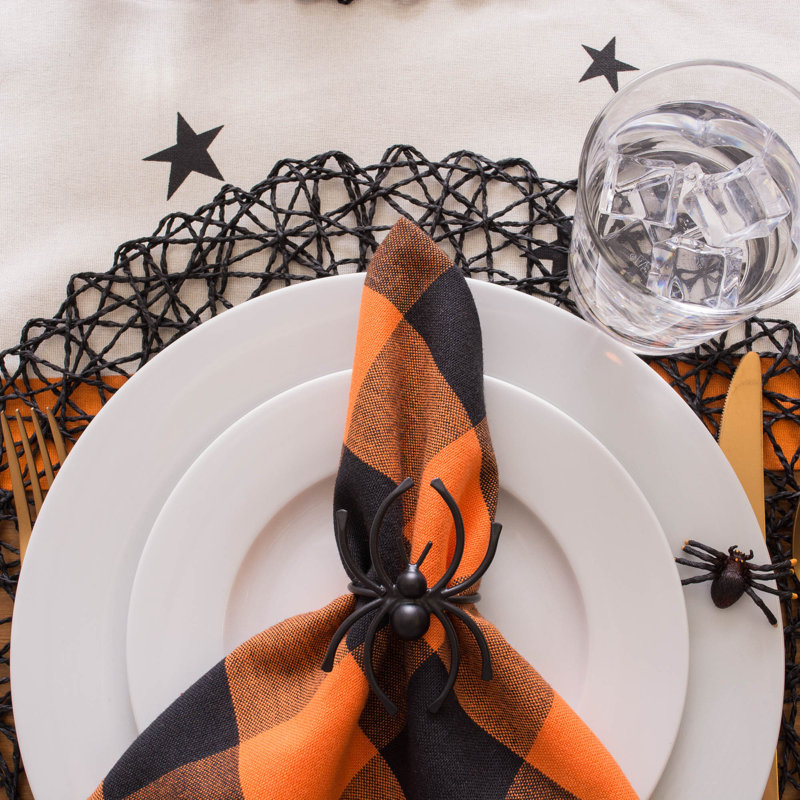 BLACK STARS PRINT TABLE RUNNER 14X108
--
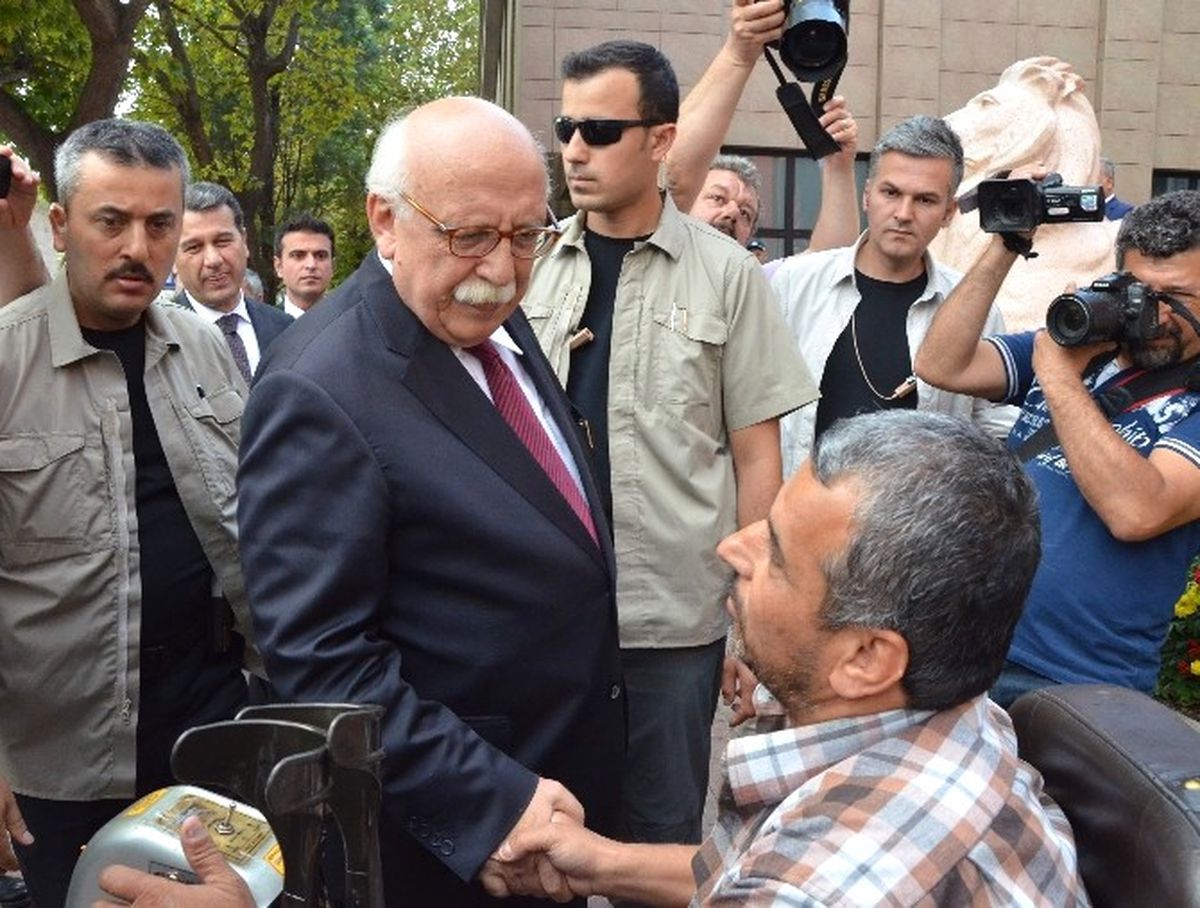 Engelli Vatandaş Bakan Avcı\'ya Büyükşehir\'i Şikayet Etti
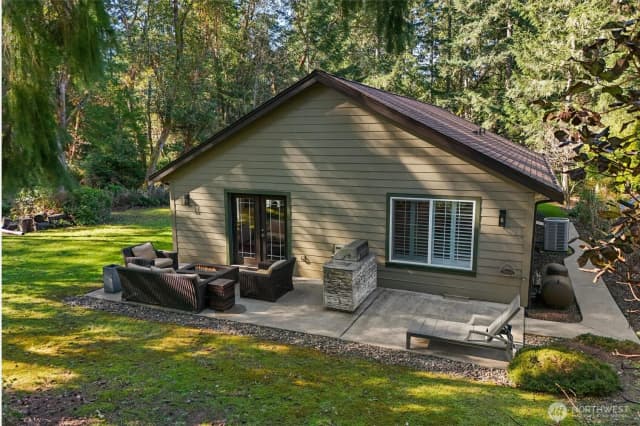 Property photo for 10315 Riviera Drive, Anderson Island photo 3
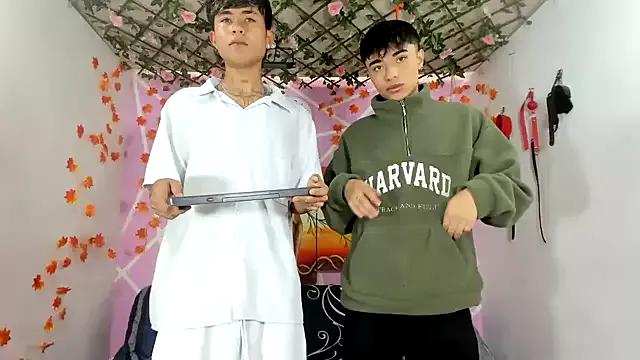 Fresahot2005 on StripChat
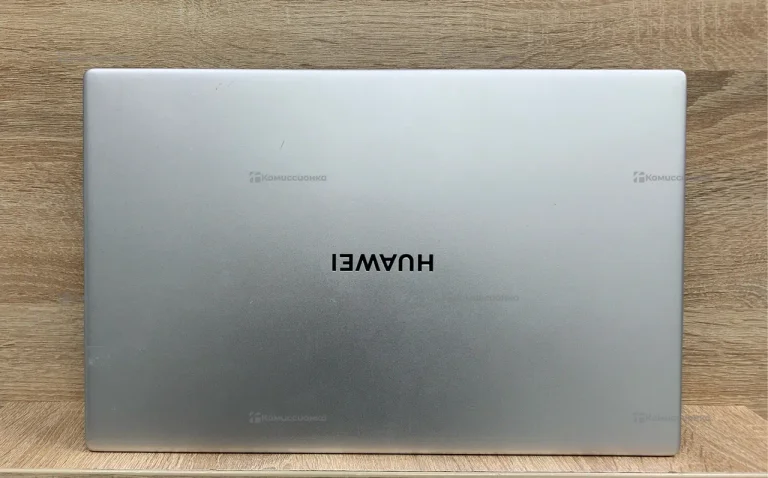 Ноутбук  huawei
==
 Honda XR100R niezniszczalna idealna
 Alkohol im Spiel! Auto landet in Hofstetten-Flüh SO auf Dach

- WORK INSTRUCTION -
Above is a listing; print exactly its lines from the one with "Honda XR100R niezniszczalna idealna" through the one with "Alkohol im Spiel!", and no other lines.

- WRITTEN SOLUTION -
 Honda XR100R niezniszczalna idealna
 Alkohol im Spiel! Auto landet in Hofstetten-Flüh SO auf Dach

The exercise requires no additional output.